ブリーダーさんからは「別に同じものを与えなくてもいいですよ。ただし、換えるときは、一気に換えるのではなく、これまでのフードに新しいものを少しずつ混ぜながら。時間をかけて新しいほうの割合を増やしていくように」と言われている。
新しい環境で暮らすのだから、せめてごはんくらいは同じものをと思っていたが、ちょっと考えてしまった。というか今も考え中である。
よもぎのときは、スーパーやドラッグストアなど幅広く購入可能な「柴犬」用ドッグフード。でもこれも年齢を重ねるにつれ、だんだん食べなくなってきた。とにかく食べさせたい一心で、いろんなレトルトやおやつ的なものの中から、お気に召したものだけをあげるようになった。しかも同じものが続くと拒否するから、選抜アイテムでローテーションを組んで。
そのときの費用といろいろ揃えたりする労力を考えれば、同じくらいかなあとも思う。
それに喜んで一心不乱に食べている姿を見ると、まあ多少高くてもという気にもなってくる。健康でいてくれるのが一番である。
ただ、ほかのものでも喜んで食べるのかもという考えも浮かんでこないことはない。
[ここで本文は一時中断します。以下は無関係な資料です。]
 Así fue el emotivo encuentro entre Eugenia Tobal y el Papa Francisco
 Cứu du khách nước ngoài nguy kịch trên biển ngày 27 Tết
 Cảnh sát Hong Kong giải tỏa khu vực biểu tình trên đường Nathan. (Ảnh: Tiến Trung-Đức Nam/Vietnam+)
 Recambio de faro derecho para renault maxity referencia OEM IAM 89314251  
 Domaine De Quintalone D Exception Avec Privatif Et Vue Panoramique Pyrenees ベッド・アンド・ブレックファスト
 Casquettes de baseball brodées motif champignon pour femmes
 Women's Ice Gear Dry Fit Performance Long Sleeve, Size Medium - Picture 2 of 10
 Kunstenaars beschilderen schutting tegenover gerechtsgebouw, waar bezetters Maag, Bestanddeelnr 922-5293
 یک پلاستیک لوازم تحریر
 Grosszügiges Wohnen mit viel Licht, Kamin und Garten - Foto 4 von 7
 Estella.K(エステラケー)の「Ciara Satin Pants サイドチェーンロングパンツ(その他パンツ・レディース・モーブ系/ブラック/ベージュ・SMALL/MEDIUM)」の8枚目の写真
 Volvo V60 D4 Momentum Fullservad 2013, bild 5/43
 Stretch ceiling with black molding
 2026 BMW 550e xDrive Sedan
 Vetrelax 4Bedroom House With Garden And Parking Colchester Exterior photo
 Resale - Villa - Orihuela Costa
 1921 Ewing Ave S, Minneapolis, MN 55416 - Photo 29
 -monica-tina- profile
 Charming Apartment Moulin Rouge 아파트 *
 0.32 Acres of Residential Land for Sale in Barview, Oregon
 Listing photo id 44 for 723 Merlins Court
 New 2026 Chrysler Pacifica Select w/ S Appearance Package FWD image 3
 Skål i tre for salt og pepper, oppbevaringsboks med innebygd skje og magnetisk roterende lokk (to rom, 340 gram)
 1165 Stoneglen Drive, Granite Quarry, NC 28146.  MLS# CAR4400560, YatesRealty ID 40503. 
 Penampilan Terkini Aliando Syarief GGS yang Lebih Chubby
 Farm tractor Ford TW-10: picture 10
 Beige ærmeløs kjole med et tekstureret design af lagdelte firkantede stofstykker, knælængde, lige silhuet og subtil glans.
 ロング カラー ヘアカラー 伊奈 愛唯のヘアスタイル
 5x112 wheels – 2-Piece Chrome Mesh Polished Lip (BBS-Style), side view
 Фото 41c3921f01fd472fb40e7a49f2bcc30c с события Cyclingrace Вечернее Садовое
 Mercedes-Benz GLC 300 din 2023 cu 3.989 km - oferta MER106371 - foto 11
ふたつの気持ちがせめぎ合っている。
誰かに頼まれたわけではなく自分が望んだお迎えなのに、最初から出し惜しみの方向へ向かう自分にあきれてしまう。やはりこれまでの人生分の時間をかけてできあがった思考パターンはそう簡単には変わらないか。
おなつ、あなたはとってもいい子だから、こんなふがいない飼い主のもとでもすくすく育ってくれるはず。すやすやと眠るなつめを見ながら勝手にそう念じた。